Who helped you find a direction, got you thinking along different lines about your future, and built your confidence along the way? I am at the stage of life where I enjoy looking back and attempting to answer these questions. It makes me realize how fortunate I have been at every period in life to meet someone who pushed me to try something new or influenced my life choices.
I was inspired to write about this topic by an essay by Dr. Nobuo Haneda in his book “Dharma Breeze.” He named three sources of inspiration that led him eventually to his position as director of the Maida Center of Buddhism in Berkeley, California. Two out of the three — one being famous Russian writer Leo Tolstoy — were not people he had ever met.
For the sake of keeping readers from using this blog post as a cure for insomnia, I’m going to limit myself to only a few examples of those who provided the inspiration — or a kick in the behind — to me.
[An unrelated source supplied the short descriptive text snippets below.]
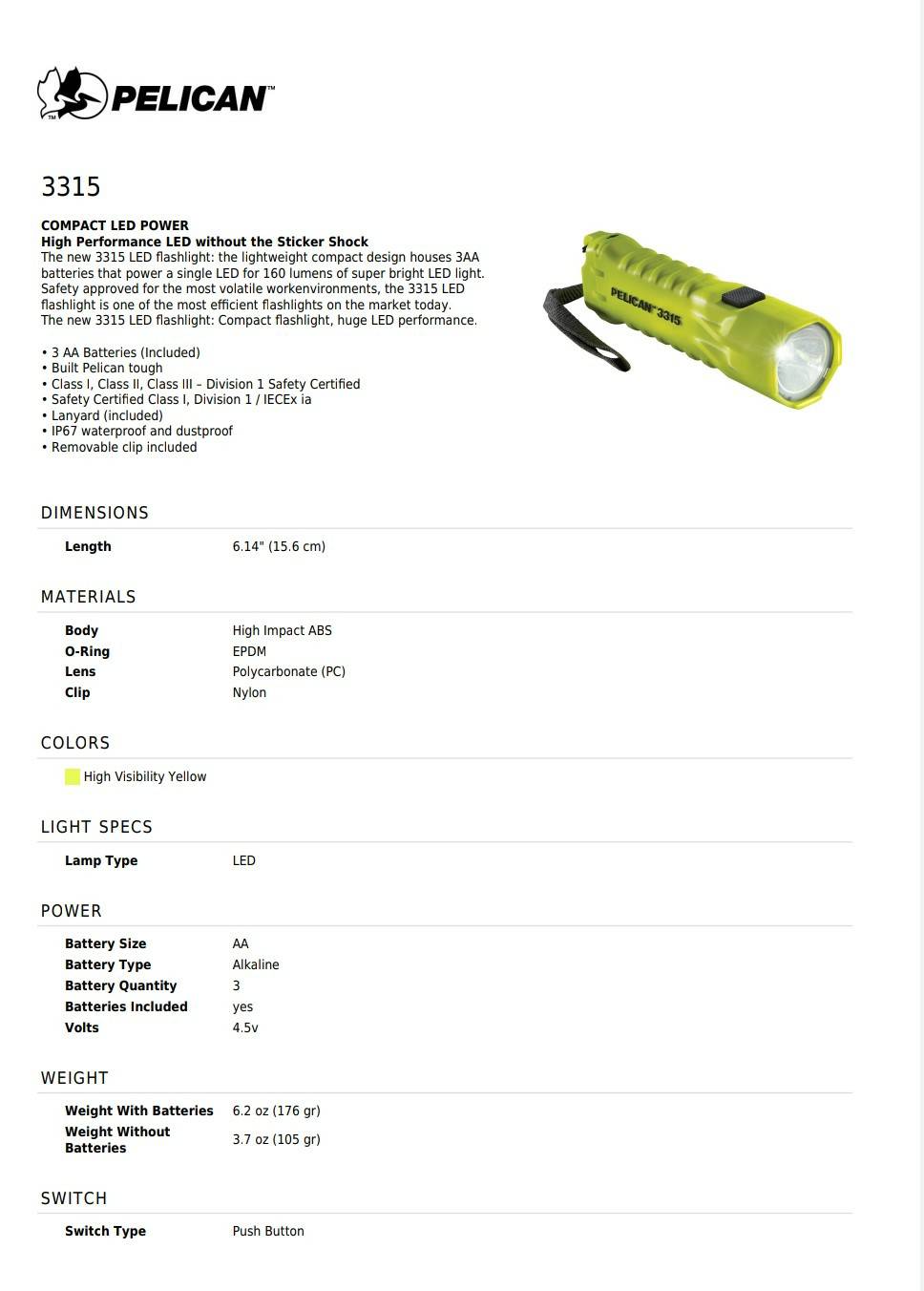 Pelican #3315 LED Flashlight ไฟฉายกันระเบิด ความสว่างสูงสุด :160 ลูเมน ลำแสงสีขาว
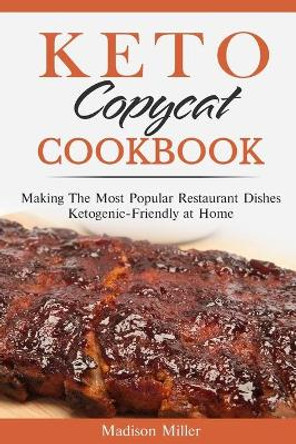 Keto Copycat Cookbook: Making The Most Popular Restaurant Dishes Ketogenic-Friendly at Home ***BLACK AND WHITE EDITION*** by Madison Miller 9798710605646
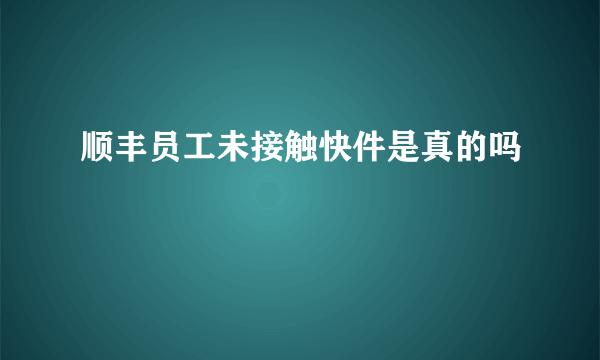 顺丰员工未接触快件是真的吗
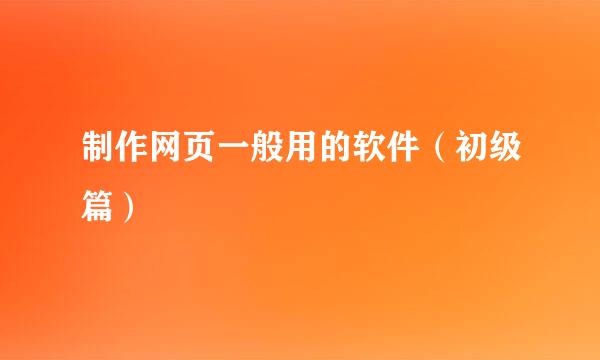 制作网页一般用的软件（初级篇）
I don’t remember the name of the first one I thought of. He was known as the Colonel. I met him while working in a low-paying, dull job in a college admissions office to save enough money to travel to Europe. We couldn’t have been more different. I was twenty-one, going through my hippie stage, and he was much older. He came across as stiff and formal. Four months later, after quitting my job and going to Europe, I returned home to visit the people I had worked with, including the Colonel. I had no more than greeted him when he said, “I imagine you need a job. There’s an opening for a much better-paying one at the community college. I know people there. If you’d like, I’ll call now and give you a recommendation.” This unexpected gesture of kindness helped set the course for my future as an administrator in public education.
Keeping with Dr. Haneda’s experience of choosing authors for inspiration, I choose Betty Friedan as my second infl. She was a leader of the feminist movement and author of The Feminine Mystique. Many years later, I don’t remember anything from the book except that she said men could wash dishes too. This was a huge revelation. My husband and I were living together at the time but not married, and I did the housework. She helped form the basis for a forty-five-year (so far) marriage in which we now actually fight for the job of washing dishes.
My third choice is my husband’s Spanish teacher at the University of Washington. He signed up for her class after we’d taken a trip to Mexico. At the end of the school year, she convinced him that his language skills would improve faster if he immersed himself in a Spanish-speaking culture. I had taken Spanish for five years in junior high and high school, so I was game to join him for this experiment in immersion. We spent a month in a language school in Mexico and lived with two Mexican sisters. The next few summers we chose a school in another town and lived with a woman and her children, someone we still consider a sister and keep in touch with today. Thanks to the Mexican adventure we made friends in Texas and California, and have had Mexican guests visit us here. I was able to use my Spanish skills on the job and made many new friends through my work with Spanish speakers.
Remembering the people who impacted your life is a worthwhile activity. I’m still smiling as I think about those summers in Mexico and all our adventures there.